Problem to solve
Down to the last line, set down the material below exactly; skip the pictures.

Dataset section
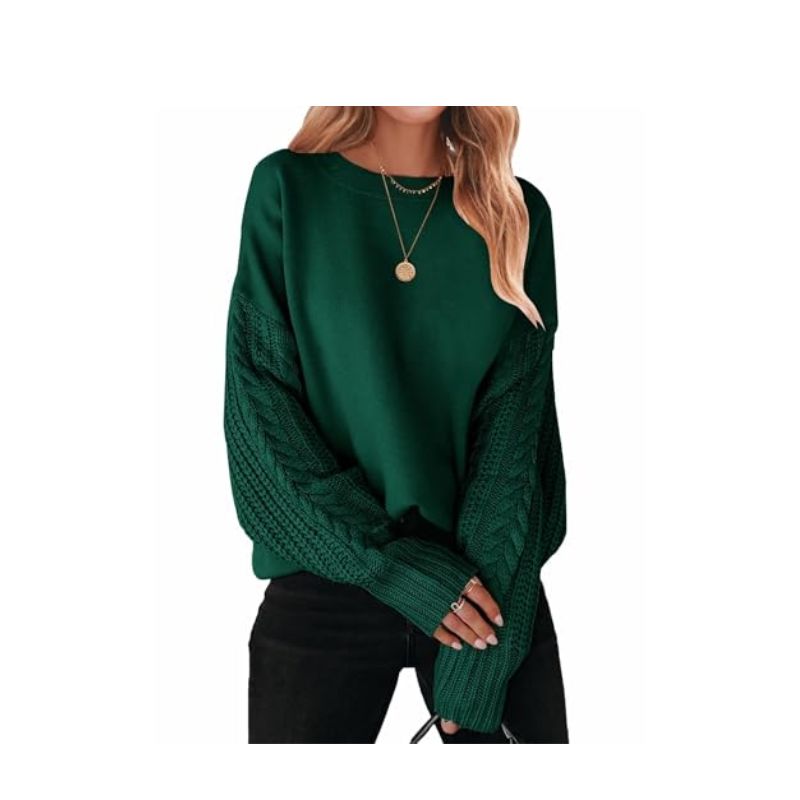 Chic Forest Green Cable Knit Sweater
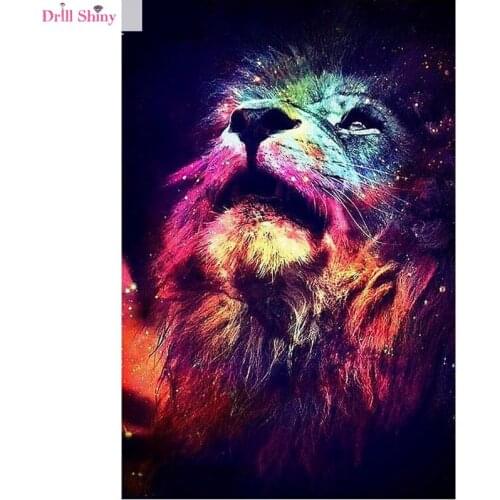 5D DIY Full Square Diamond Painting Lion Crystal Diamond Embroidery Cross Stitch Color Lions Needlework Wall Arts Decorative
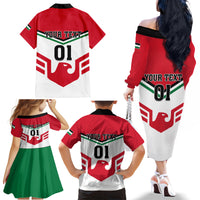 Jordan Football Family Matching Off Shoulder Long Sleeve Dress and Hawaiian Shirt The Chivalrous Go Champion - Wonder Print Shop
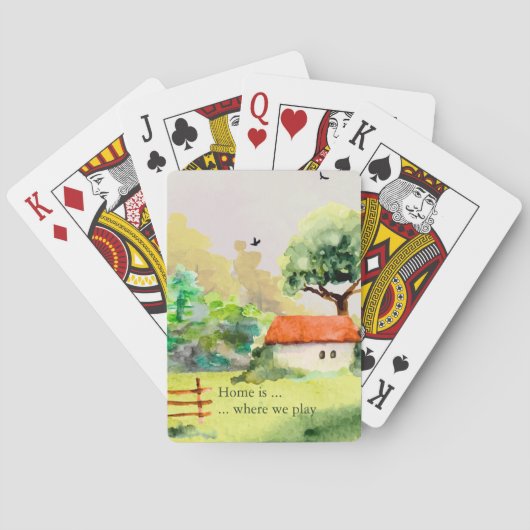 Home is... Watercolor Countryside トランプ (裏面)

Written solution
 Chic Forest Green Cable Knit Sweater
 5D DIY Full Square Diamond Painting Lion Crystal Diamond Embroidery Cross Stitch Color Lions Needlework Wall Arts Decorative
 Jordan Football Family Matching Off Shoulder Long Sleeve Dress and Hawaiian Shirt The Chivalrous Go Champion - Wonder Print Shop
 Home is... Watercolor Countryside トランプ (裏面)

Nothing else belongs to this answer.